**WHAT YOU WILL DO**
From the entries below, retype only the lines from the one with "Watchtower in Cornwall with Sea Views" through the one with "Comares Lodge Granada", exactly as written.

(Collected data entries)
..........

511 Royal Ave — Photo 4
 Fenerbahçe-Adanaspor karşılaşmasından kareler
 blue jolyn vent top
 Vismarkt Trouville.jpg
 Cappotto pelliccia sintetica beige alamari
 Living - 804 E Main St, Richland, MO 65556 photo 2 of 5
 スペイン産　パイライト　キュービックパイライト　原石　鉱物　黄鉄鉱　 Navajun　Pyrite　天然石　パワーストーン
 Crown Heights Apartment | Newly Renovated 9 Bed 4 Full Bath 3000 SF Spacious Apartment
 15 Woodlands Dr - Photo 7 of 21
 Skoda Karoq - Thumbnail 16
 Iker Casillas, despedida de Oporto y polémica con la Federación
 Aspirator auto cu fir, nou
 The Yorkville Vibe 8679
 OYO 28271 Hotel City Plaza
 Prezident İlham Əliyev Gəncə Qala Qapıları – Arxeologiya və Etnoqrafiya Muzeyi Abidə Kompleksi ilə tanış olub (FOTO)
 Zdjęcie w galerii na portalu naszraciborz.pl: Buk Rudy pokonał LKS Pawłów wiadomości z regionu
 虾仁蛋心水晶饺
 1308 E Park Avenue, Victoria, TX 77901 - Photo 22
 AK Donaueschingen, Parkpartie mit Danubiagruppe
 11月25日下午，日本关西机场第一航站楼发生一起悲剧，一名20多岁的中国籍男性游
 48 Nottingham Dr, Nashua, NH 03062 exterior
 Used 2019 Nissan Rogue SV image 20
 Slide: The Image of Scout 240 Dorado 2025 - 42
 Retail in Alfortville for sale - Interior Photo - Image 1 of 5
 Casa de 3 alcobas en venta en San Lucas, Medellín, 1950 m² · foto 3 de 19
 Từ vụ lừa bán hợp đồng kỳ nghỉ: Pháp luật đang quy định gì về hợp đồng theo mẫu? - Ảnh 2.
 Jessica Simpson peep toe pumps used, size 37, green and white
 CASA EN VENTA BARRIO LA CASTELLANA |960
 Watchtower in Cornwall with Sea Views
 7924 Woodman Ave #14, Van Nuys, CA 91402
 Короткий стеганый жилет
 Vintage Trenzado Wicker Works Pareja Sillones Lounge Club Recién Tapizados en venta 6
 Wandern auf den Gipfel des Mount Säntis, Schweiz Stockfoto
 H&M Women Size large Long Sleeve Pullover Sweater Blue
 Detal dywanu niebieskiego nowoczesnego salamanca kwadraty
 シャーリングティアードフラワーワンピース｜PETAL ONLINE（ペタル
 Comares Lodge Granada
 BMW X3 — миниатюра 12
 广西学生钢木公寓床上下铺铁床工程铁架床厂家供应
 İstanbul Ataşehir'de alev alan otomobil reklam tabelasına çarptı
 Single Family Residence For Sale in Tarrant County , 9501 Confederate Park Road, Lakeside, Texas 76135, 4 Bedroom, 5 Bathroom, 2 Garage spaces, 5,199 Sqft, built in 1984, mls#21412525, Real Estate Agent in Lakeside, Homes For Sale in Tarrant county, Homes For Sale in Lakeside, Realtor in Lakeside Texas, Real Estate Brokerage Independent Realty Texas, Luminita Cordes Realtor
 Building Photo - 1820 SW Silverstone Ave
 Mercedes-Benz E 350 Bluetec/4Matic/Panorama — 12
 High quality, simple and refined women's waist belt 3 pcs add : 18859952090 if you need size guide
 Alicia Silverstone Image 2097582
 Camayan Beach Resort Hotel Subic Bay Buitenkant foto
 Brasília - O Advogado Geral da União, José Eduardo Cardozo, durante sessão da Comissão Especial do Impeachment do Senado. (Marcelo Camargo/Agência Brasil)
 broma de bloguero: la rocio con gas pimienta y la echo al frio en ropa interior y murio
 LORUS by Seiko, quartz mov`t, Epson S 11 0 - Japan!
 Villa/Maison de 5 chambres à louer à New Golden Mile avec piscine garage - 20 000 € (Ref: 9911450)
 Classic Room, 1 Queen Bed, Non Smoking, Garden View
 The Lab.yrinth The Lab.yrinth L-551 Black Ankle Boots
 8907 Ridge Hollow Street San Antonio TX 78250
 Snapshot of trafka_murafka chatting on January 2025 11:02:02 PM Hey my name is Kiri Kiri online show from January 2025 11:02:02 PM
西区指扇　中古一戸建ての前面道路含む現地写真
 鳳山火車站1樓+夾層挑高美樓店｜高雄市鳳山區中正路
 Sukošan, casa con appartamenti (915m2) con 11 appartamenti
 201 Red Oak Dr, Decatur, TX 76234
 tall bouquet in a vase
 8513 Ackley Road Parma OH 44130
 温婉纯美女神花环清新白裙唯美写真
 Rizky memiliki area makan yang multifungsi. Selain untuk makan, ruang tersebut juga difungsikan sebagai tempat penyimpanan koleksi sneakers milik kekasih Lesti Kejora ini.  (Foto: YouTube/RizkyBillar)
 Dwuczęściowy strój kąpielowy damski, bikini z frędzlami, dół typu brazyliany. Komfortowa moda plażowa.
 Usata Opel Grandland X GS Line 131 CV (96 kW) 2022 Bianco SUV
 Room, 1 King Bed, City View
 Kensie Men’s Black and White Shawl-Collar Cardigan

..........

**EXERCISE RESULT**
 Watchtower in Cornwall with Sea Views
 7924 Woodman Ave #14, Van Nuys, CA 91402
 Короткий стеганый жилет
 Vintage Trenzado Wicker Works Pareja Sillones Lounge Club Recién Tapizados en venta 6
 Wandern auf den Gipfel des Mount Säntis, Schweiz Stockfoto
 H&M Women Size large Long Sleeve Pullover Sweater Blue
 Detal dywanu niebieskiego nowoczesnego salamanca kwadraty
 シャーリングティアードフラワーワンピース｜PETAL ONLINE（ペタル
 Comares Lodge Granada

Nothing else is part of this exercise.